Aplicando este principio al ámbito de nuestras «diferencias» en lo que creemos, podríamos pensar que hay tantas “religiones” o maneras de comunicarse con Dios como personas viven en el mundo. Es una conclusión dentro de la lógica humana. Pero este razonamiento puede inducirnos a un error; llegamos a esto al contemplar la religiosidad del hombre, su relación con Dios, desde el mismo hombre; estamos poniendo al ser humano como punto de referencia, como centro del universo: «lo que yo creo es lo que vale», “yo soy el que define quién es Dios”.

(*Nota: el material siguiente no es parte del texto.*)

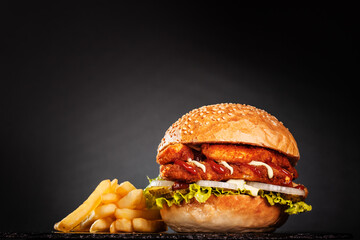 Double fried chicken burger with french fries onions cucumber and lettuce. On dark background..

Y lo cierto es que el «centro» no puede ser el hombre, sino siempre Dios. Recordemos las palabras que el Señor le dice a Job: «¿Dónde estabas cuando cimenté la tierra? Cuéntamelo, si tanto sabes. ¿Quién señaló sus dimensiones (¡seguro que lo sabes!) o le aplicó la cinta de medir?» (Job 38, 4-5). Es muy pretencioso que consideremos siquiera que podemos controlar, juzgar, manipular, utilizar a Dios como un sirviente, como si su Esencia, dependiera de “nuestra definición”. Pensamos que tenemos el control de todo lo que manejamos, y también, por tanto, el control de Dios; y así acabamos viviendo sin darnos cuenta de que creemos lo que queremos creer, cuando la realidad es que Él nos creó porque quiso crearnos.

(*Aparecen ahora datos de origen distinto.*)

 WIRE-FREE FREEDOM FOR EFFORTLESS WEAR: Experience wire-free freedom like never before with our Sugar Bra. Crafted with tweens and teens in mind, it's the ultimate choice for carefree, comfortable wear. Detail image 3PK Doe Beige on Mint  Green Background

No, la religión nunca se puede plantear desde el hombre. Y me digo a mí mismo: «¡Qué inútil es plantearse una vida sin Dios!».

Todos creemos.

Muchos piensan: «¿Para qué sirve Dios, la fe, la religión? ¿Acaso ayuda en algo? Solo trae complicaciones y obligaciones, y me impide vivir mi vida como quiero vivirla».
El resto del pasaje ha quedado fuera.